Listen to MHD's New Album '19'
MHD's second album is brilliant and reveals of a side of the young artist we haven't seen through versatile production and features from Wizkid, Salif Keita, and Yemi Alade.
By now, you should know the story of the pizza delivery man turned French phenomenon, who's performed on the biggest stages like Denmark's Roskilde and California's Coachella. MHD's effortless mix of rap and afrobeats has solidified his place as the voice of a generation, gotten him two invites to France's presidential palace, l'Élysée, and a noteworthy reception when he arrived in Guinea.
The 19 tracks on the album and its title are an homage to the 19th arrondissement, the Parisien borough where he grew up and continues to dwell. This new record has all the potential to be just as successful as the 24-year-old's triple platinum debut and the Afro Trap series that catapulted his career.
19 includes features from the likes of Wizkid, Salif Keïta, Yemi Alade, Orelsan, Dadju, and Stefflon Don as well as production by Diplo, Stromae, Dany Synthé, Junior a la prod, DSK On The Beat, S2keyz and Heezy Lee. Unsurprisingly, the majority of these features were landed through simple social media direct messages—MHD has mastered the art of using YouTube and Instagram to his advantage in an internet age.
MHD has more than earned the crown he holds on the cover of this new album and he's already confirmed a third international tour that will take him from Europe to Africa back to the United States.
On September 15, via his snapchat, MHD announced this could potentially be his last album. He stated, "I no longer want anything, I no longer want music, I think I'll stop after this album, this life is not mine. This is not a marketing ploy, I am speaking from the heart, no one knows the hidden face of success, it's a choice I have made and it is very difficult to live this way, putting an end to all of this could do the most good." It reads as if MHD's rapid rise to fame has taken a toll on him.

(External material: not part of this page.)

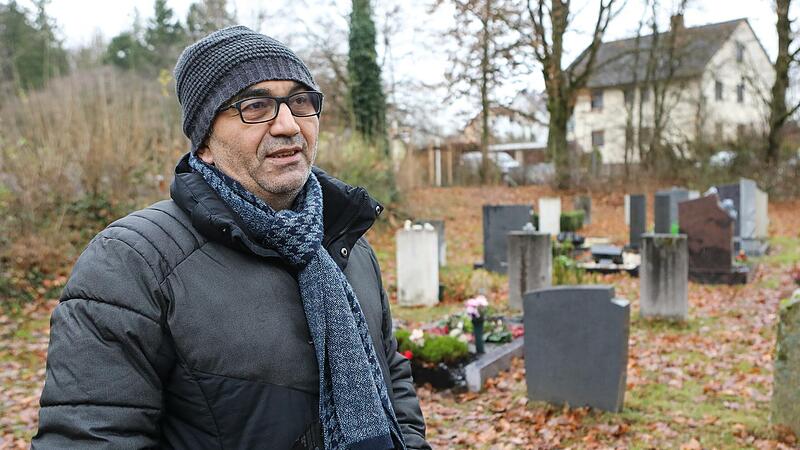 Coskun Ilgar freut es, dass der muslimische Bereich auf dem Forchheimer Friedhof erweitert wird und die Sargpflicht aufgehoben ist. Dennoch können gläubige Muslime ihre Toten in Bayern nicht so beerdigen, wie viele es sich wünschen.Forchheim & Fränkische Schweiz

It's important to note, fans have journeyed with him for the past 2-3 years through 200 non-stop tour dates coupled with a number of features. He's admitted to struggling to complete this project. Perhaps, a break is what he needs to regroup.
Regardless, MHD's latest offering is brilliant. It reveals a side of Mohamed Sylla we haven't seen through versatile and varied production. The album packs a mean punch, it's a lot to take in. Listeners are faced with recurring themes of life pre and post fame, adhering to what God is asking of him, the concept of being home as well as love. There are familiar guitar riffs and drums that call Africa to mind, blended with the usual trap beats that launched him to the spot he holds in French music.
MHD opens with an introduction on which Malian legend, Salif Keita, serenades the listener. It's the powerful equivalent of a call to prayer and commands whoever hears it to listen up. This story poignantly begins in Africa, the continent MHD has unwaveringly pledged allegiance to.
In "Encore," he raps, "Rester c'est le temps qui le dira, mais pour l'instant aucune envie de bouger de ma place" or "Staying, only time will tell, but right now, I don't want to leave my spot," while also saying, "Après la musique, on va kiffer encore," or "After the music, we'll still like it." He seems to be conflicted with the idea of leaving the industry but holds that, no matter what he decides to do, his music will always be enjoyed and celebrated.
In "Rouler" he alludes to the end of a two-year adventure and affirms he has succeeded. The familiar "Bravo" affirms "Le petit prince est devenu roi" or "The little prince has become a king." "Papalé" is dedicated to MHD's father. It echoes, "Papa a pris de l'âge, j'ai rien vu passer. Après tant d'années rien n'a changé, Papa papa papa papaléeeeee." It touches upon how often we don't notice our parents aging.
Who better than chart-topping Franco-Congolese singer Dadju to accompany MHD on his love song, "Bébé"? "Oh La la", "Samedi Dimanche" and "Porsche Panamera" are the ego-trip tracks comprised of the lyricism true MHD rap fans crave. "Moula Gang" was the final Afro-Trap in his 10 part series dedicated to his fans. Where songstress Yemi Alade is essential to "Aleo", Stefflon Don shines on "Senseless Ting."
"Moussa" highlights MHD's knack for poignant storytelling as he follows the life of a boy from his former realm of existence. "XIX," the last song on the album , leaves the audience on an emotional cliffhanger. It's retrospective in its walk through the artist's life before fame juxtaposed with his rapid rise to fame and everything that has transpired because of it. If his reign should end with this album, this is the perfect track to bid his kingdom adieu.
It's a relevatory open letter to his arrondissement, his family, who he once was, France, and Africa. If this ride has come to an end, it has been worth every minute. Only time will tell.